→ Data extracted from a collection
--------------------

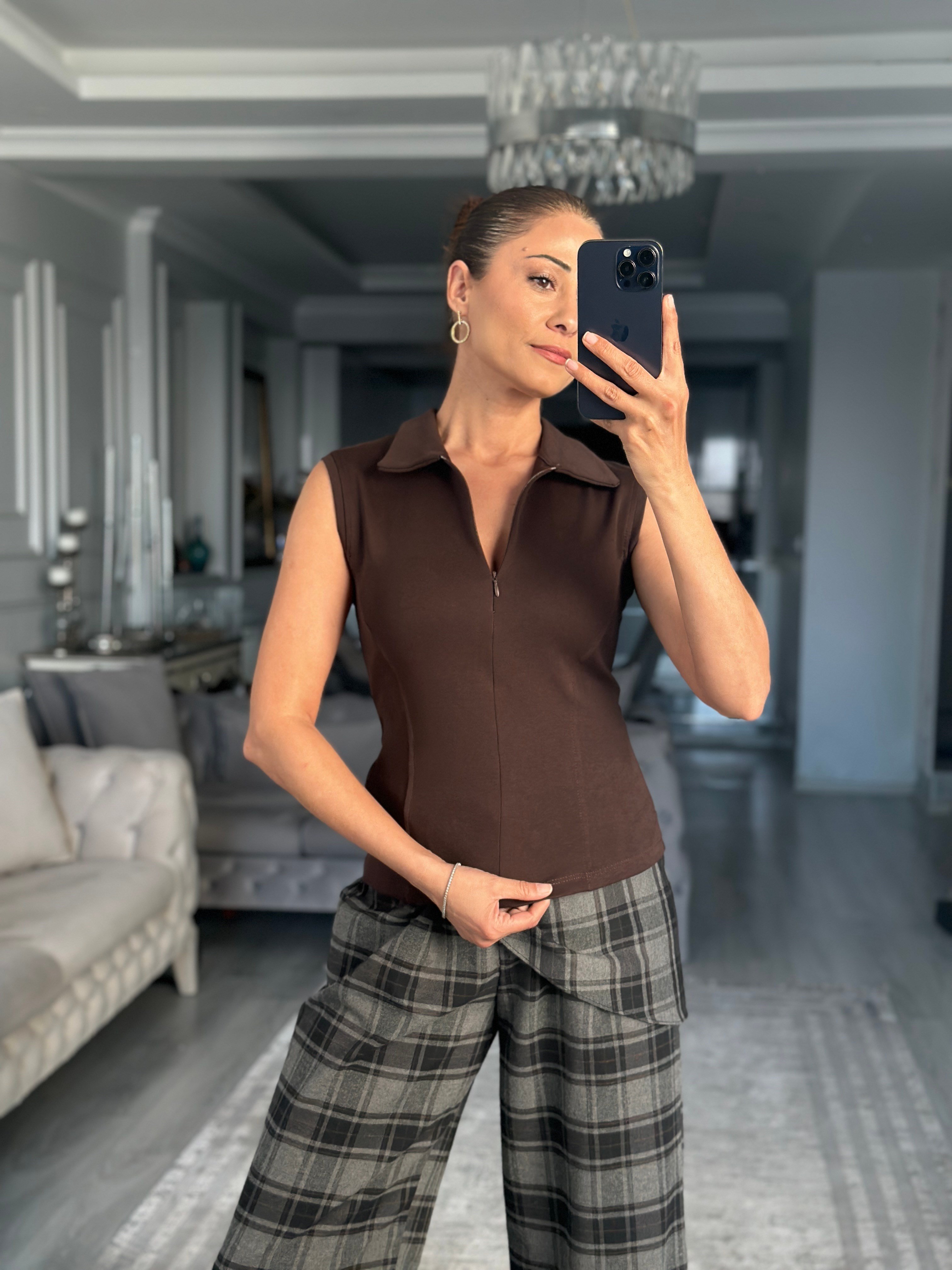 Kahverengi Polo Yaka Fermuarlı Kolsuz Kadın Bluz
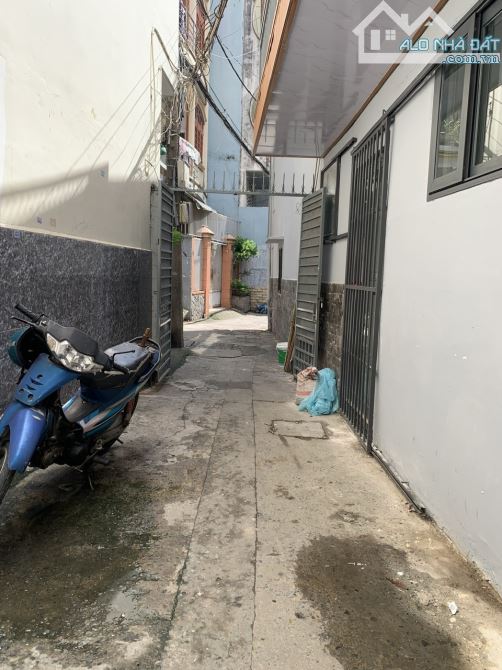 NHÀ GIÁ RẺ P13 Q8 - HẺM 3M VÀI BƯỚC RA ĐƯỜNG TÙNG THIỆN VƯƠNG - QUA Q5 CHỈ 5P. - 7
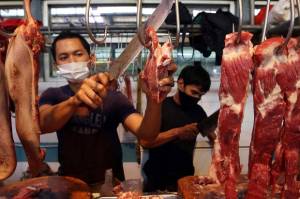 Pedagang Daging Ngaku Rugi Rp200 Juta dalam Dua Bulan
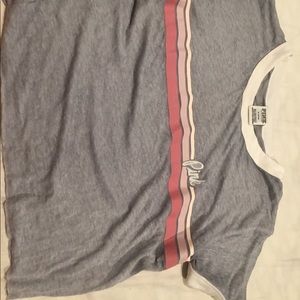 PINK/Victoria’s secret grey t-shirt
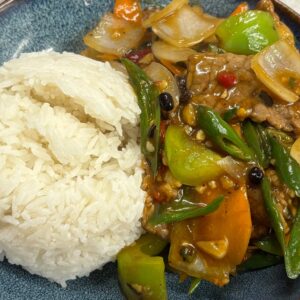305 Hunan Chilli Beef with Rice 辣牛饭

--------------------

→ What the exercise asks
The entries above should be given again exactly, minus any pictures.

→ Output for this exercise
 Kahverengi Polo Yaka Fermuarlı Kolsuz Kadın Bluz
 NHÀ GIÁ RẺ P13 Q8 - HẺM 3M VÀI BƯỚC RA ĐƯỜNG TÙNG THIỆN VƯƠNG - QUA Q5 CHỈ 5P. - 7
 Pedagang Daging Ngaku Rugi Rp200 Juta dalam Dua Bulan
 PINK/Victoria’s secret grey t-shirt
305 Hunan Chilli Beef with Rice 辣牛饭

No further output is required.